┌──

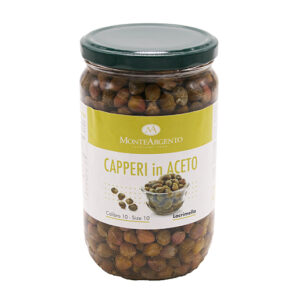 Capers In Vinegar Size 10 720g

└──
┌──

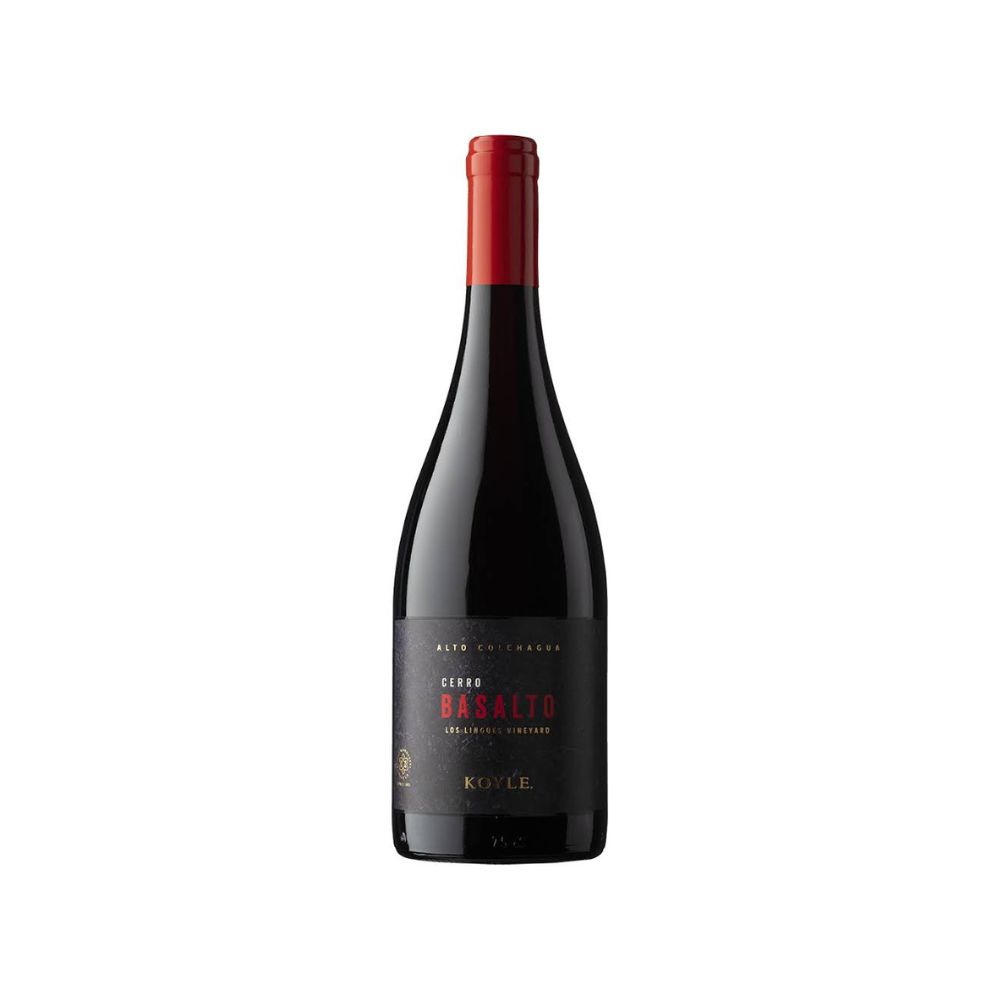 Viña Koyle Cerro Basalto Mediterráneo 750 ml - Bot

└──
┌──

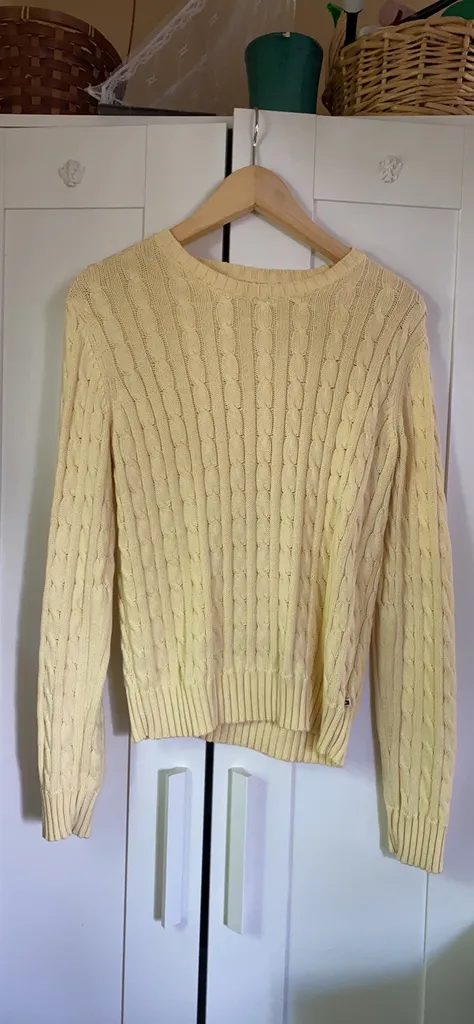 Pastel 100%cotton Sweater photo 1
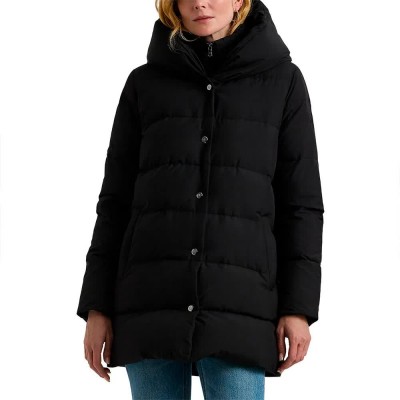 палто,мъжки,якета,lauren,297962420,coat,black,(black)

└──

• _Task to carry out_: Output exactly the lines above, beginning at the one with "Pastel 100%cotton Sweater photo 1" and stopping after the one with "палто,мъжки,як". Pictures are to be omitted.

• _Answer box_:
 Pastel 100%cotton Sweater photo 1
 палто,мъжки,якета,lauren,297962420,coat,black,(black)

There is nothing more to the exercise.